Performance matching

I have a generic database query function that performs the following checks every time an SQL query is issued:

  • if (preg_match('~^(?:UPDATE|DELETE)~i', $query) === 1)
  • if (preg_match('~^(?:UPDATE|DELETE)~iS', $query) === 1)
  • if ((stripos($query, 'UPDATE') === 0) || (stripos($query, 'DELETE') === 0))

I know that a simple call to strpos() is faster than executing preg_match() , however, since I call strIpos() twice , I'm really not sure if you need to work better.

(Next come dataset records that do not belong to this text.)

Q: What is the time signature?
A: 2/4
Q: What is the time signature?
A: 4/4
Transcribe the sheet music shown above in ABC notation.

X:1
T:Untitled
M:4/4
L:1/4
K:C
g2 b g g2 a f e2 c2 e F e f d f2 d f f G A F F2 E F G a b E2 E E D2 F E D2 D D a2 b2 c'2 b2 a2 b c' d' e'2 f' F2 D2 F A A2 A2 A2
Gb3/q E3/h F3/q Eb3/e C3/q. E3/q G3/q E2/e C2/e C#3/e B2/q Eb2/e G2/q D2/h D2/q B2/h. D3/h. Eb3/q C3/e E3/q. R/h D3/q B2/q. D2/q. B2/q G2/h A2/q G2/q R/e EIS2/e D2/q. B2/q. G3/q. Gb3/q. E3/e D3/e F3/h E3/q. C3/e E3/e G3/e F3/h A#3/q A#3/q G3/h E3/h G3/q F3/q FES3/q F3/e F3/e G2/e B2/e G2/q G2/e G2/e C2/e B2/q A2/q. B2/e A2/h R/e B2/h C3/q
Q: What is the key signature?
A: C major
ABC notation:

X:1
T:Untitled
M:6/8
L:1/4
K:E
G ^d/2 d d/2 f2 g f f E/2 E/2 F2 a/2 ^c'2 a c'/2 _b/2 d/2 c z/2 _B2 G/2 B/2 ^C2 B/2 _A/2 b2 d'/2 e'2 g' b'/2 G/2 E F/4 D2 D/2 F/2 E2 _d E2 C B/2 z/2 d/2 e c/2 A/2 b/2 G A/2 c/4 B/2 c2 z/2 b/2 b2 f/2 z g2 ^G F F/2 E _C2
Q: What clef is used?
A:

The template S modifier in the second option also causes some confusion in my head, from the manual:

When the template will be used several times, it is worth spending more time analyzing it to speed up the time spent on matching. If this modifier is installed, then additional analysis is performed. At present, examining a pattern is only useful for non-fixed patterns that make it not have a single fixed start character.

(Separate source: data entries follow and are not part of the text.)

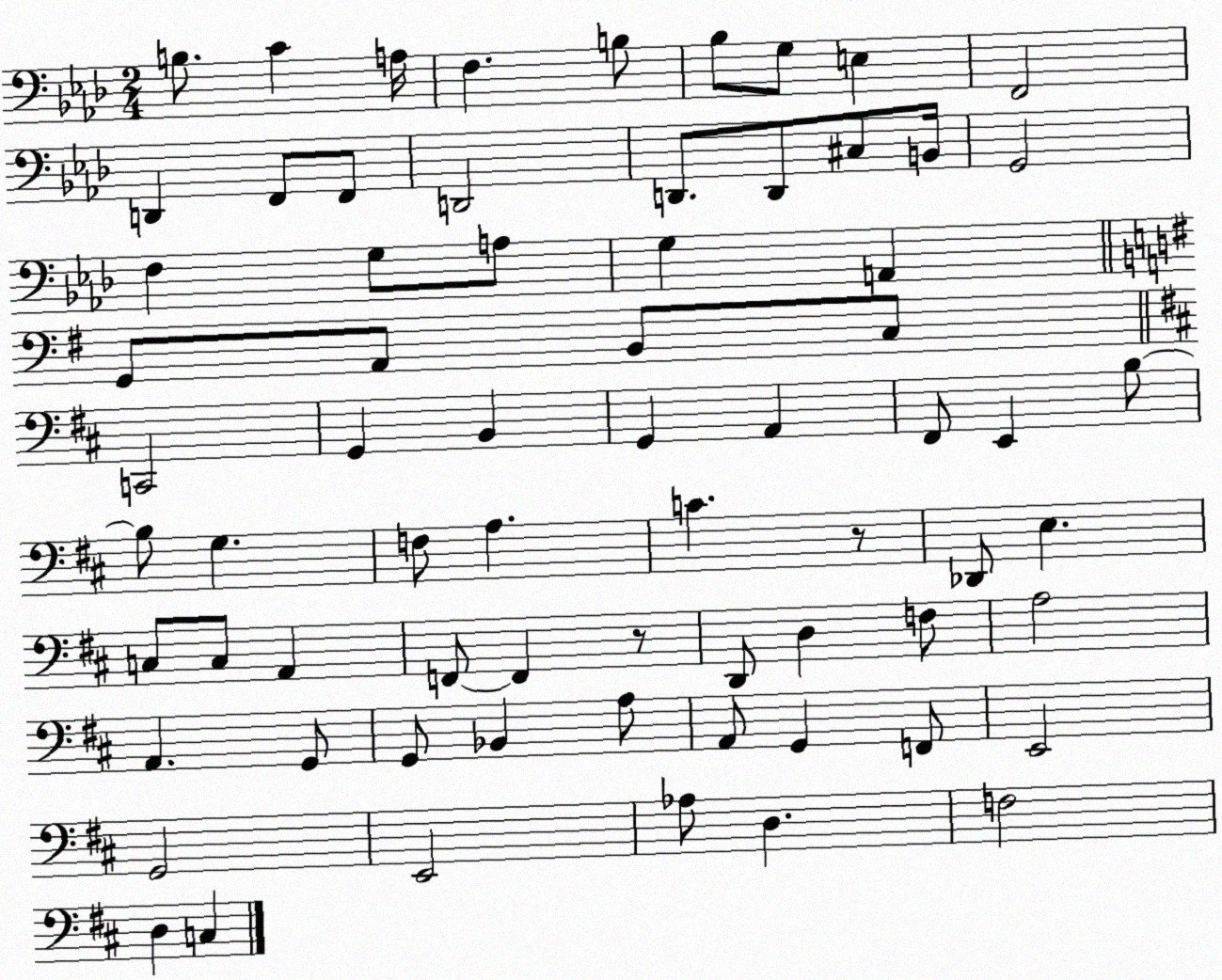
X:1
T:Untitled
M:2/4
L:1/4
K:Ab
B,/2 C A,/4 F, B,/2 _B,/2 G,/2 E, F,,2 D,, F,,/2 F,,/2 D,,2 D,,/2 D,,/2 ^C,/2 B,,/4 G,,2 F, G,/2 A,/2 G, A,, G,,/2 A,,/2 B,,/2 C,/2 C,,2 G,, B,, G,, A,, ^F,,/2 E,, B,/2 B,/2 G, F,/2 A, C z/2 _D,,/2 E, C,/2 C,/2 A,, F,,/2 F,, z/2 D,,/2 D, F,/2 A,2 A,, G,,/2 G,,/2 _B,, A,/2 A,,/2 G,, F,,/2 E,,2 G,,2 E,,2 _A,/2 D, F,2 D, C,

In this case, the speed is not critical (otherwise I would not use this general query function), but I would still like to make it as fast as possible, while preserving its simplicity.

Which of the above options should I choose?


EDIT: I am running a simple test , and yet I cannot decide which method works best.

Below are the results for 10,000 attempts (total time in seconds):

 Array ( [match] => Array ( [stripos] => 0.0965 [preg_match] => 0.2445 [preg_match?] => 0.1227 [preg_match?S] => 0.0863 ) [no-match] => Array ( [stripos] => 0.1165 [preg_match] => 0.0812 [preg_match?] => 0.0809 [preg_match?S] => 0.0829 ) ) 

100,000 attempts :

 Array ( [match] => Array ( [stripos] => 1.2049 [preg_match] => 1.5079 [preg_match?] => 1.5564 [preg_match?S] => 1.5857 ) [no-match] => Array ( [stripos] => 1.4833 [preg_match] => 0.8853 [preg_match?] => 0.8645 [preg_match?S] => 0.8986 ) ) 

1,000,000 attempts :

 Array ( [match] => Array ( [stripos] => 9.4555 [preg_match] => 8.7634 [preg_match?] => 9.0834 [preg_match?S] => 9.1629 ) [no-match] => Array ( [stripos] => 13.4344 [preg_match] => 9.6041 [preg_match?] => 10.5849 [preg_match?S] => 8.8814 ) ) 

10,000,000 attempts :

 Array ( [match] => Array ( [stripos] => 86.3218 [preg_match] => 93.6755 [preg_match?] => 92.0910 [preg_match?S] => 105.4128 ) [no-match] => Array ( [stripos] => 150.9792 [preg_match] => 111.2088 [preg_match?] => 100.7903 [preg_match?S] => 88.1984 ) ) 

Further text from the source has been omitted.